A: I think you described what your son experiences really well and this does sound like it would be very frustrating to anyone. The first piece of advice I always give is to make sure and speak with your medical professional about the best course of treatment. A child with ADHD has differences in brain activity that can alter attention, being able to sit still and impulse control just to name a few examples. You add anxiety on top of that and this can produce symptoms that we cannot see sometimes. Kids might feel nervous, worried or feel afraid. When you look at this, it is easy to see where he might feel frustrated.
Some ideas that work well for kids with ADHD are using visual reminders and timers. Their brains can become so involved in what they are doing and that is where you may see a lack of focus on things around them or being unable to multitask. The good thing about how their brains work is when they are intense and working hard, their minds are so smart and brilliant. The best thing you can do for your son is to help him harness that energy and with time, he will not get as frustrated.

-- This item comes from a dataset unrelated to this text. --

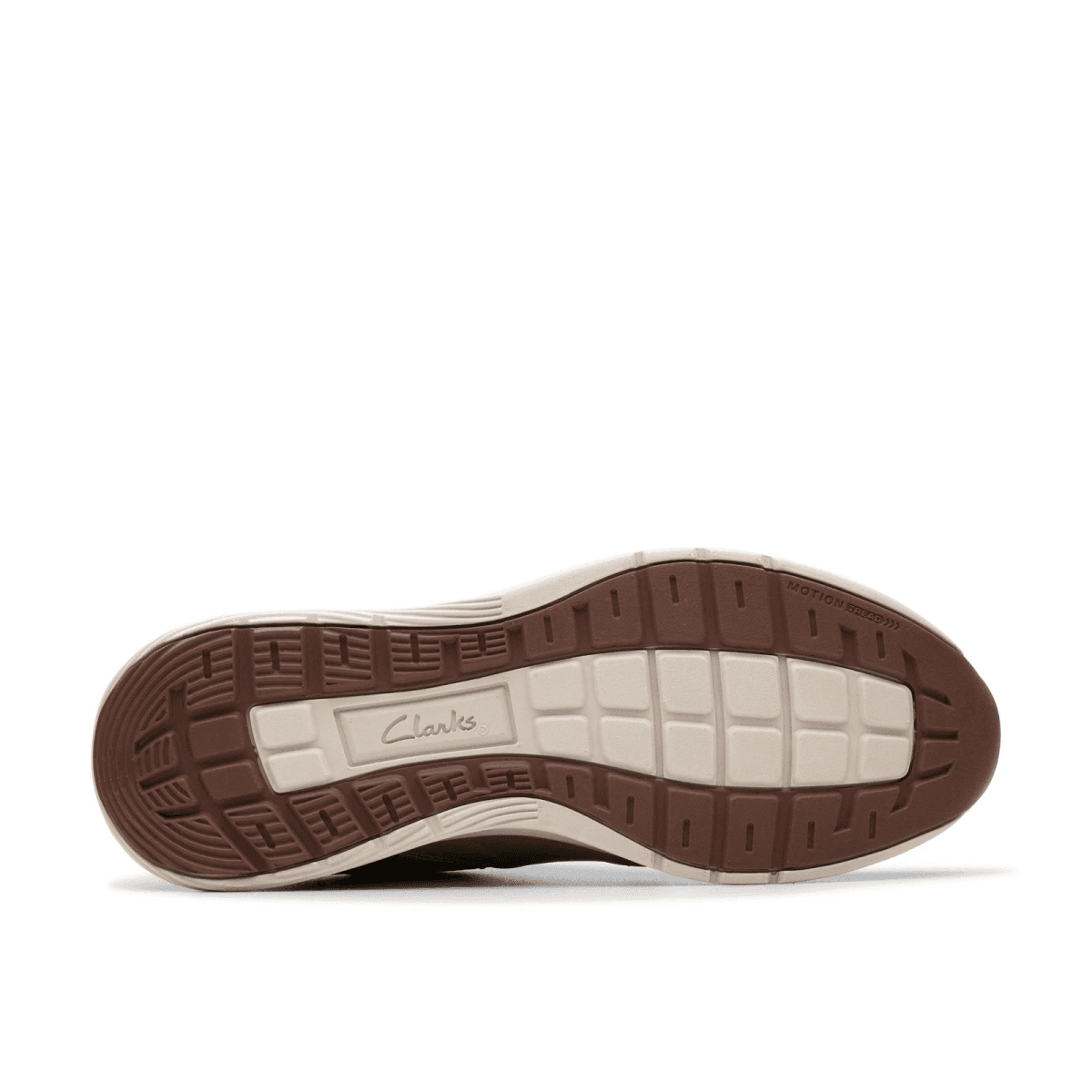 Clarks Motion Trek PT Men's Leather Shoes image 3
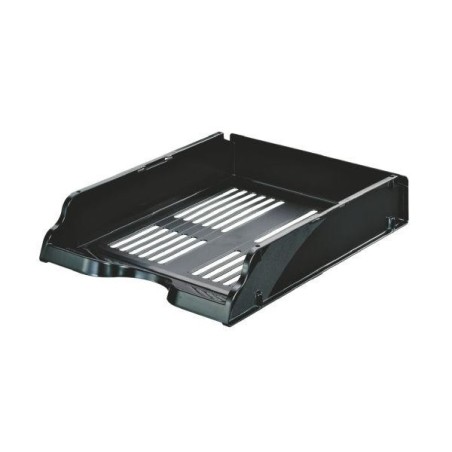 Esselte TRANSIT A4 Black Negro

Another tip that I have had success with is helping the child become organized. Children with ADHD struggle with organization, so the more that you can help them in this area could help reduce frustration levels.
I use a technique called “grounding” with children who can get upset and I am trying to calm down to get back to a state that we can talk. This technique can help with anxiety too. Being grounded can bring us back to what is going on with our bodies and help us feel connected. There is a strategy called the Rainbow Walk. You can do it inside or go outside. The point is try and find something that represents every color of the rainbow. By doing this activity, it brings us back and connects us to the environment around us. Grounding can help clear our minds, recharge us and calm our emotions. Another grounding technique is to involve the five senses. You have to write down five things you see, four things you feel, three things you can hear, two things you can smell and one thing you can taste. This is a calming technique that can help get through frustrating moments and tough times.
I hope some of these techniques can help when there are times that your son gets frustrated.